无法爬取淘宝商品的图片
夜445 2021-04-19 10:39:02 按照教程的编写,仍然无法将淘宝商品的图片下载下来,到底哪里出了问题?有没有人可以告诉我。
import urllib.request
import re
import random
keyname = "连衣裙"
key = urllib.request.quote(keyname)
uapools = ["Mozilla/5.0 (Windows NT 6.1; WOW64) AppleWebKit/537.36 "
"(KHTML, like Gecko) Chrome/78.0.3904.108 Safari/537.36",
"Mozilla/5.0 (Windows NT 6.1; Win64; x64) AppleWebKit/537.36 (KHTML, like Gecko) "
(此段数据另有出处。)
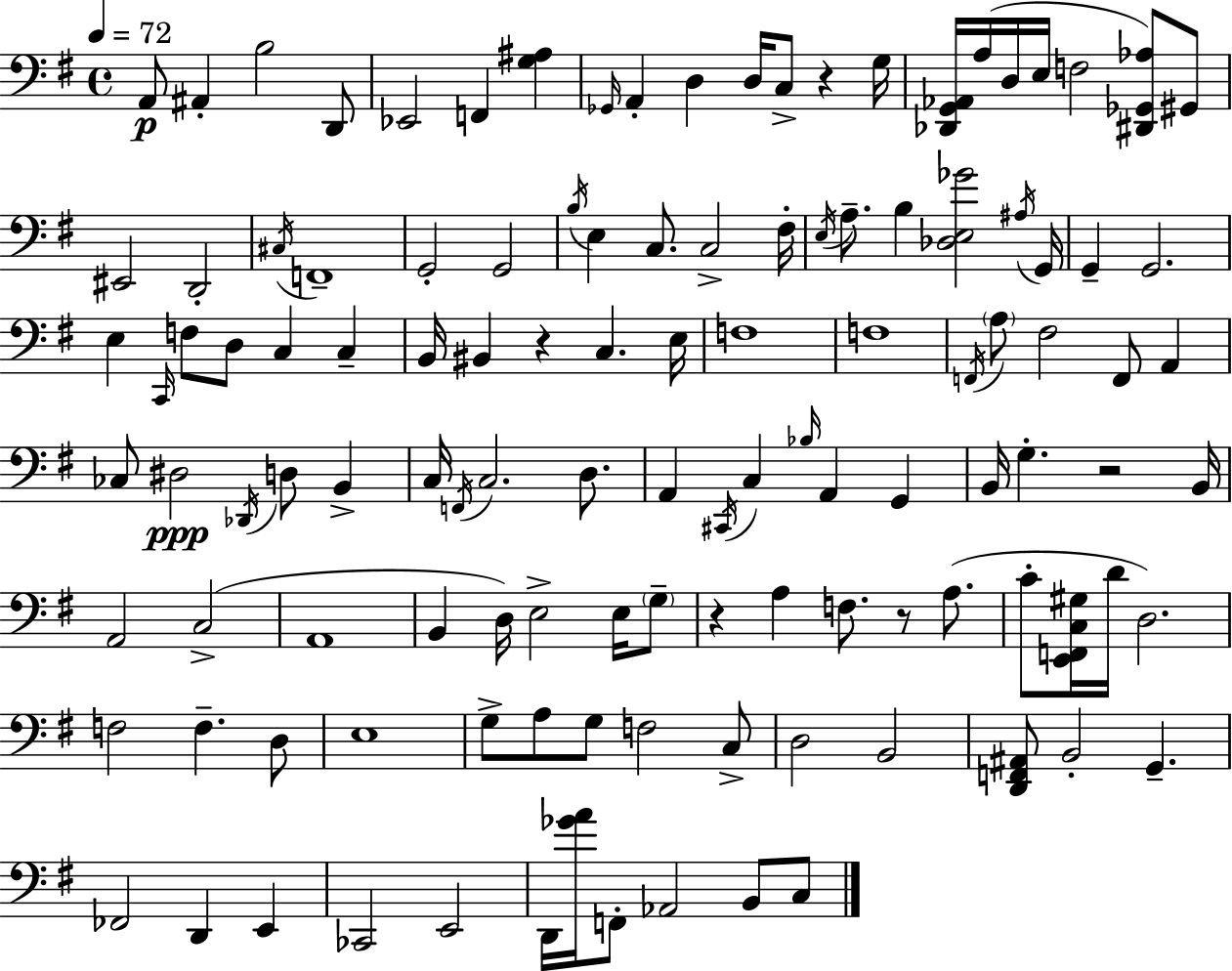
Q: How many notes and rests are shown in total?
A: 119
"Chrome/86.0.4240.111 Safari/537.36",
"Mozilla/4.0 (compatible; MSIE 7.0; Windows NT 5.1; Maxthon 2.0)",
]
def ua(uapools):
thisua = random.choice(uapools)
print(thisua)
headers = ("User-Agent", thisua)
opener = urllib.request.build_opener()
opener.addheaders = [headers]
# 安装为全局
urllib.request.install_opener(opener)
for i in range(1, 10):
url = "https://s.taobao.com/search?q="+key+"&s="+str((i-1)*44)
ua(uapools)
date = urllib.request.urlopen(url).read().decode("utf-8", "ignore")
pat = '"pic_url":"//(.*?)"'
#本人测试到这里,pat 的长度值是有的,证明pat没有问题。
imglist = re.compile(pat).findall(date)
#本人测试到这里,imglist的长度是0。
for j in range(0, len(imglist)):
thisimg = imglist[j]
thisimgurl = "http://"+thisimg
localfile = "D:\\Program Files (x86)\\PyCharm Community Edition 2020.3.4\\date\\page\\" \
"taobao\\"+str(i)+str(j)+".jpg"
urllib.request.urlretrieve(thisimgurl, filename=localfile)